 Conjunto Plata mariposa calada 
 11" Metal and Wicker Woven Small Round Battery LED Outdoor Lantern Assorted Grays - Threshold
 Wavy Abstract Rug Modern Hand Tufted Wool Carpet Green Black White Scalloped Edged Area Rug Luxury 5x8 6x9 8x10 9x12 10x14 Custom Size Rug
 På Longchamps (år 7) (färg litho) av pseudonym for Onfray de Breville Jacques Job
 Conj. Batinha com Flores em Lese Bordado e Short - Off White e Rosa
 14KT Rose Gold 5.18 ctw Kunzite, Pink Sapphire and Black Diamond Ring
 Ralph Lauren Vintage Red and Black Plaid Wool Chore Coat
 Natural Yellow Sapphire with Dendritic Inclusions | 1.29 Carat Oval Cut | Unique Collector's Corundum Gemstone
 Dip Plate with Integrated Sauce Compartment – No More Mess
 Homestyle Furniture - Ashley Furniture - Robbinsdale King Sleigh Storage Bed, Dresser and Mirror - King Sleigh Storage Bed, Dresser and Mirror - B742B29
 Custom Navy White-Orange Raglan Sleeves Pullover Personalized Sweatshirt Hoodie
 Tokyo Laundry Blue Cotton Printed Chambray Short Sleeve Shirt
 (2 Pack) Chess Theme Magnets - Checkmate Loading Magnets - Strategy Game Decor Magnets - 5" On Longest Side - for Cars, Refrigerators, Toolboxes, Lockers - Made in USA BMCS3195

==================================================

- **How to complete this task**:
To answer, copy each line from the material above that has the word "Short".

- **Written answer**:
 Conj. Batinha com Flores em Lese Bordado e Short - Off White e Rosa
 Tokyo Laundry Blue Cotton Printed Chambray Short Sleeve Shirt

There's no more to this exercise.